Modern macroeconomic thinking incorporates the concept of rational expectations. Rational expectations is the notion that while individuals in the economy may not always be able to accurately predict the future, they at least do not consistently underestimate or overestimate. On average people hit their forecast targets right on.
To continue with the hunting analogy, suppose you have a gun with a bad sight. When you fire it into a target you consistently hit it too low and to the right. If you could not adjust the sight and were forced to take the gun hunting, you would mentally adjust by aiming a bit high and to the left of the intended target, in an attempt to correct the bias. Households and firms do something similar when they forecast the future of the economy. Household savings decisions, for example, are based on expectations about what interest rates will be earned in the future and what wages the household can expect in future years. Often households rely on analysis from professional financial planners and/or economy-watchers, but they make the same kinds of adjustments.

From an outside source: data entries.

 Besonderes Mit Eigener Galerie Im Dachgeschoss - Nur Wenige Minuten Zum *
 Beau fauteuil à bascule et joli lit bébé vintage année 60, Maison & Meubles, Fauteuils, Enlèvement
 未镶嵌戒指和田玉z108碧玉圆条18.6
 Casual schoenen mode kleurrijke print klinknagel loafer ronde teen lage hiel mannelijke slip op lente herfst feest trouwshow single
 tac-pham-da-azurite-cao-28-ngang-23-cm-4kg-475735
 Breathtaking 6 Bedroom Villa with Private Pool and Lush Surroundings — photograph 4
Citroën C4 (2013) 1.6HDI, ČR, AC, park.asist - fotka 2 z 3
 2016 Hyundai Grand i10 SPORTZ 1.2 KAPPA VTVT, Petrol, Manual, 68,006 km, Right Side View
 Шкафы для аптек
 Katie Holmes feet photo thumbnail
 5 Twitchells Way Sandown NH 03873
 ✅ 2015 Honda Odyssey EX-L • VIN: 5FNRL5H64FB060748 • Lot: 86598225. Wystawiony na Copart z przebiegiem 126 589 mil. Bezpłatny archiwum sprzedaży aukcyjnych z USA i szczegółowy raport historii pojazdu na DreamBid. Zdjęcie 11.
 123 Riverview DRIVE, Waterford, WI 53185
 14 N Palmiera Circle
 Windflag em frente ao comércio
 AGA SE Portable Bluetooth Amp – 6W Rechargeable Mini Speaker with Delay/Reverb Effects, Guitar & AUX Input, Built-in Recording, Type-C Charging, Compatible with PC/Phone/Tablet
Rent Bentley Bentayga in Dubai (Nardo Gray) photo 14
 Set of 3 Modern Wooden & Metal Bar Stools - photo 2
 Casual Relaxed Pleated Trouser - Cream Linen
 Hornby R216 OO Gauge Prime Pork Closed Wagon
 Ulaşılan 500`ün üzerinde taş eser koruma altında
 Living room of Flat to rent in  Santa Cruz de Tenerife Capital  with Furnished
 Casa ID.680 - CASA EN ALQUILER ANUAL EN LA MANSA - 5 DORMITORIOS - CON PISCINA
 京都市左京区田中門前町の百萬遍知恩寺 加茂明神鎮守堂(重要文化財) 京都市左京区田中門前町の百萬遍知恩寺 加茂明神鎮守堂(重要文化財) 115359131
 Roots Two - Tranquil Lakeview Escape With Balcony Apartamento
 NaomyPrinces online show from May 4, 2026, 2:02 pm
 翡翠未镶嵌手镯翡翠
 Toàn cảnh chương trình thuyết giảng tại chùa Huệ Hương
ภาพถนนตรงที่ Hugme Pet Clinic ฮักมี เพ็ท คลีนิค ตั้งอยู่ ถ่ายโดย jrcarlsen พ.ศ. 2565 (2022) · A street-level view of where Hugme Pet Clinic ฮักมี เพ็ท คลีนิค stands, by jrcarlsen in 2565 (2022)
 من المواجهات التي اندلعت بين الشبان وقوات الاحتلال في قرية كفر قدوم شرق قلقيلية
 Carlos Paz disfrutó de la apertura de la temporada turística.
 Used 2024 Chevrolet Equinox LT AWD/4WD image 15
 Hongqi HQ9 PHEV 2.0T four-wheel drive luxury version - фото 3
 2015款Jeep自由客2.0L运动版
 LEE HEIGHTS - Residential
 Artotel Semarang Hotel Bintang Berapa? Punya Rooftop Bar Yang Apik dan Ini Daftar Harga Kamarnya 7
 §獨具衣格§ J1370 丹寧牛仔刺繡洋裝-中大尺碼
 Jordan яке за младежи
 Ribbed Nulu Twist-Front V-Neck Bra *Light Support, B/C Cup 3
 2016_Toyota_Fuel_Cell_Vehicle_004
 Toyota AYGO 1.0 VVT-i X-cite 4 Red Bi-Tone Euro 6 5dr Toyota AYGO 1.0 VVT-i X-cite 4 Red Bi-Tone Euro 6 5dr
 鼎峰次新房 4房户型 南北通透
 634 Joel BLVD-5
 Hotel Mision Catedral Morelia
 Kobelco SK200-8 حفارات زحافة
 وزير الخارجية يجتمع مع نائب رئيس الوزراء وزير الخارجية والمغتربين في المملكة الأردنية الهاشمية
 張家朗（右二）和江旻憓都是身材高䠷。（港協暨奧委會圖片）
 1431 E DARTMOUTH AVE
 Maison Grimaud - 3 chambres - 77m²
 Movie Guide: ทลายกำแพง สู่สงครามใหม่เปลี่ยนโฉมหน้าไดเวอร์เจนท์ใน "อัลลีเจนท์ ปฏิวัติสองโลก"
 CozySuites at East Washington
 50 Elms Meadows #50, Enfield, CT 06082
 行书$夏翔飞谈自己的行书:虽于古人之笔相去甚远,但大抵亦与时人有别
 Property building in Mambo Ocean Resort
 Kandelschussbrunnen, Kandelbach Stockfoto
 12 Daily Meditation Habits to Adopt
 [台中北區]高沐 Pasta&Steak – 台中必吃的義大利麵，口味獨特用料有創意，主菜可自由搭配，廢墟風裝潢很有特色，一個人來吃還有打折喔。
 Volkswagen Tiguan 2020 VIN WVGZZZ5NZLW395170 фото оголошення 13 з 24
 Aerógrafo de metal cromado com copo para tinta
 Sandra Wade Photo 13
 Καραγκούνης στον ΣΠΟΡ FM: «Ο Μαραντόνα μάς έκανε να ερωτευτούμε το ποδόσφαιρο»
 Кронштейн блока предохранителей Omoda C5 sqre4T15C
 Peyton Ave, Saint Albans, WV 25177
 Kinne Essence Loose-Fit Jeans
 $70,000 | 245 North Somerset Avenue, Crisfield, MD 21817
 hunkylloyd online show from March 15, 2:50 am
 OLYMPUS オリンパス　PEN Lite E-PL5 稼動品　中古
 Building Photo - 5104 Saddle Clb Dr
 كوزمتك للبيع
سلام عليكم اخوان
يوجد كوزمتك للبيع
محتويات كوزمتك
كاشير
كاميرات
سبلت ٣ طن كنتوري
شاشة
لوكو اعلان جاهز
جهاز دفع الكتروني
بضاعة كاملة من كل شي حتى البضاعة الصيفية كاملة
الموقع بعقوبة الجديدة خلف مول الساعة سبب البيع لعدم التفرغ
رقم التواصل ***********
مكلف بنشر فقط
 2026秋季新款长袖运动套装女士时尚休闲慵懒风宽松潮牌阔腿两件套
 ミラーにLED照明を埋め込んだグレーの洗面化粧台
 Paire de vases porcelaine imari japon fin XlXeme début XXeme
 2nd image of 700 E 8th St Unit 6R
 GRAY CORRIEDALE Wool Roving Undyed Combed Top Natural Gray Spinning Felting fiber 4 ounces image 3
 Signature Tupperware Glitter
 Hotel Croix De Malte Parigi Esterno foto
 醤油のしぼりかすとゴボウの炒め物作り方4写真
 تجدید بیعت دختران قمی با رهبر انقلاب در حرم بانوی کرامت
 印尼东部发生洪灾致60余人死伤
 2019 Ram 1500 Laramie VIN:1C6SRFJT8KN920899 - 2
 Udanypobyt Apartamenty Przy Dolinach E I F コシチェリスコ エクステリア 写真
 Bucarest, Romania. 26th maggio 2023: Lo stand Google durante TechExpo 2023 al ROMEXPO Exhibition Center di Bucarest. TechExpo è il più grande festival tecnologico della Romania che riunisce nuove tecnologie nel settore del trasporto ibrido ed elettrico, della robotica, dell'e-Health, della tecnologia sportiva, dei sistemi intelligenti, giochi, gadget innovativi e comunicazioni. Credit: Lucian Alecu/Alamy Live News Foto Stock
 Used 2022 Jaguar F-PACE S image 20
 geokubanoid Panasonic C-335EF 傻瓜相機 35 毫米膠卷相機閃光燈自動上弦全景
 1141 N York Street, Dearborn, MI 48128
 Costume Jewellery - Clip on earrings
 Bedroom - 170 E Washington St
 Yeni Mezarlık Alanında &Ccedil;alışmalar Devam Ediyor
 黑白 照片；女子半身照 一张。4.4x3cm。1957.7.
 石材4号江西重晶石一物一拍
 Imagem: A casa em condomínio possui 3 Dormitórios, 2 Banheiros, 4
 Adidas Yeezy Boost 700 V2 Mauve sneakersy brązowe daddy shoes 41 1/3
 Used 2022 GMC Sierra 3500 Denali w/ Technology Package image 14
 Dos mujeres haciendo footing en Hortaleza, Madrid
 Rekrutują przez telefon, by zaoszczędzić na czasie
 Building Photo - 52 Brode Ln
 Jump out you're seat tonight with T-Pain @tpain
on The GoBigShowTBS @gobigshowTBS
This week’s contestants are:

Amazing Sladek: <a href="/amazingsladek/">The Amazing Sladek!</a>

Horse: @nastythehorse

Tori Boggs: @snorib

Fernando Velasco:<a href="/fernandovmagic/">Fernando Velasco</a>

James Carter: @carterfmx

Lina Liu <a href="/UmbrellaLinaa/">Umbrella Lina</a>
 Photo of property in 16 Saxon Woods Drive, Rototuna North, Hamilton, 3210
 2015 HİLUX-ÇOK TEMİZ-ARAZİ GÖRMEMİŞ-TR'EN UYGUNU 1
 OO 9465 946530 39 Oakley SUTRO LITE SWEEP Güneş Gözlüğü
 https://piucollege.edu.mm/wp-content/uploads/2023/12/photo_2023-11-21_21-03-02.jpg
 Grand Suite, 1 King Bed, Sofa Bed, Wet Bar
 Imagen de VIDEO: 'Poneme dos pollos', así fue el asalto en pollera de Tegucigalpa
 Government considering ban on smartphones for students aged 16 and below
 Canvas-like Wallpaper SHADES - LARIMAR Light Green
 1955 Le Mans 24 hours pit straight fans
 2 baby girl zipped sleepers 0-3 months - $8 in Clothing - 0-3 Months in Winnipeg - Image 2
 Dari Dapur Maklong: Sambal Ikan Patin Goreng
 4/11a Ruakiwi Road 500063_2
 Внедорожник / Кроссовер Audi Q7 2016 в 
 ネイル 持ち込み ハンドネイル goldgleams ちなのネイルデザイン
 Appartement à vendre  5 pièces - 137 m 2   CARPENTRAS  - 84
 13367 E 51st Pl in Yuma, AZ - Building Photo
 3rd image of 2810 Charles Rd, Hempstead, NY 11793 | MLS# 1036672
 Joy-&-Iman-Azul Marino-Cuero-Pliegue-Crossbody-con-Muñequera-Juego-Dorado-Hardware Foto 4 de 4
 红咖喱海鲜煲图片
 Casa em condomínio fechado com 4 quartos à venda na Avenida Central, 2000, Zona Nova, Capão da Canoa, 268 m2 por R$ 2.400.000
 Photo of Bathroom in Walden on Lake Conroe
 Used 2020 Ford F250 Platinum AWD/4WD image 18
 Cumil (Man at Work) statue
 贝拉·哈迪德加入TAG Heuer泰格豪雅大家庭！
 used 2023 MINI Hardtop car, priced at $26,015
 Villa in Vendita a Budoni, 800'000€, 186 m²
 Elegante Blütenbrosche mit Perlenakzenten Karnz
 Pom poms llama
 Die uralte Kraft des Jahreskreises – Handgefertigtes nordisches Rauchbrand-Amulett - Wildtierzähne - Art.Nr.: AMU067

Rational expectations as an economic theory says that agents in the economy will take all relevant information into account when forming a forecast or expectation of the future. Failure to do so leads to mistakes that the agents will regret later. Just as failure to adjust for the bad sight on a gun leads failure in hunting, failure to adequately process all relevant information leads to bad economic outcomes. Incorporating this insight into economic models has led to a vast improvement in the quality of macroeconomic models over the past several decades.